Originally Posted by qleeq
$\displaymode = \dfrac{-\sin(x)+\sin(x)+\cos(x)}{2x\cos(x)-2\cos(x)+\sin(2x)}$

The denominator should be $2x\cos(2x)-2\cos(2x)+\sin(2x)$. You missed typing the 2s I guess.

Otherwise there are no serious errors. good job!
• Feb 10th 2011, 10:33 PM
qleeq
Quote:

Originally Posted by harish21
The denominator should be $2x\cos(2x)-2\cos(2x)+\sin(2x)$. You missed typing the 2s I guess.

Otherwise there are no serious errors. good job!

Must have accidentally removed them while I was editing.. Anyway, thanks a lot for your help.
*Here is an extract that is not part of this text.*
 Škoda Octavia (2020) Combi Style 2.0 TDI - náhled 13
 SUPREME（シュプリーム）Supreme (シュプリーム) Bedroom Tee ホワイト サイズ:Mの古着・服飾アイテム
I had one last question though.

$\displaystyle \lim_{x \to 0} \dfrac{\dfrac{1+\cos(x)(x-1)}{x-1}}{\sin(2x)}$

$\displaystyle \lim_{x \to 0}\dfrac{1+(x-1)\cos(x)}{(x-1)\sin(2x)}$

Can you explain to me how he arrived at the firstequation from $\displaystyle \lim_{x \to 0} \dfrac{\dfrac{1}{x-1}+\cos(x)}{2\sin(x)\cos(x)}$?

I understand the second part, but the first part has me confused.

How did he get $\dfrac{\dfrac{1+cos(x)(x-1)}{(x-1)}}{sin(2x)}$ from $\dfrac{\dfrac{1}{x-1}+cos(x)}{2sin(x)cos(x)}$ ?

I understand the sin(2x) = 2sin(x)cos(x) part.
• Feb 10th 2011, 10:41 PM
harish21
$\dfrac{1}{x-1}+\cos(x)$

$= \dfrac{1}{x-1}+ \bigg(\dfrac{\cos(x)}{1} \times \dfrac{x-1}{x-1}\bigg)$

$= \dfrac{1+\cos(x)(x-1)}{x-1}$
• Feb 10th 2011, 10:42 PM
qleeq
Quote:

Originally Posted by harish21
$\dfrac{1}{x-1}+\cos(x)$

$= \dfrac{1}{x-1}+ \bigg(\cos(x) \times \dfrac{x-1}{x-1}\bigg)$

$= \dfrac{1+\cos(x)(x-1)}{x-1}$

You are amazing. Thanks :D
• Feb 10th 2011, 11:27 PM
Prove It
Actually, in this case it's easier to use L'Hospital's Rule the second time BEFORE doing any algebraic manipulation...

$\displaystyle \lim_{x \to 0}\frac{\frac{1}{x-1} + \cos{x}}{-2\sin{x}\cos{x}} = \lim_{x \to 0}\frac{(x-1)^{-1} + \cos{x}}{-\sin{2x}}$

$\displaystyle = \lim_{x \to 0}\frac{-(x-1)^{-2} - \sin{x}}{-2\cos{2x}}$ by L'Hospital's Rule.

The limit is now evaluated through direct substitution.